True Blood is set in your native Louisiana, and it really uses vampirism as a metaphor for outsiders, including the gay community. What are your thoughts on using vampirism as a metaphor for the disenfranchised?
It’s a given! The vampire is an outsider. He’s the perfect metaphor for those things. He’s someone who looks human and sounds human, but is not human, so he’s always on the margins. When I write and assume the point of view of the vampire, I understand the agony of being a public outcast—someone who doesn’t belong anywhere, yet longs to be part of something and gravitates to other outcasts of his own kind. I remember the year Interview With the Vampire was published, a young man came to me at Berkeley and told me he thought Interview With the Vampire was “the longest sustained gay allegory in the English language.” I was kind of amazed and honored that he was unpacking that from it, but it wasn’t a conscious thing.
Back to True Blood, how do you feel about the show’s depiction of vampires as these uninhibited, primal, sexual beings?

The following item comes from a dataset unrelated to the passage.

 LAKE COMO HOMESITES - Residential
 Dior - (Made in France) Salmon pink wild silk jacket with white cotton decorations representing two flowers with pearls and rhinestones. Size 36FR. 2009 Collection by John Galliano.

I’m a fan of the show. I see it as a logical part of it all. [Harris] has expanded the sexuality that’s inherent in that idea. I didn’t think of that, but as my books went on, I involved my vampires in more sexuality. But I couldn’t go as far as Charlaine Harris did, because I had said that my vampires can’t have sex; that the act of drinking blood is orgasmic for them. She’s doing it a different way. She’s saying that this blood drinker must also be dynamite in bed. Makes sense!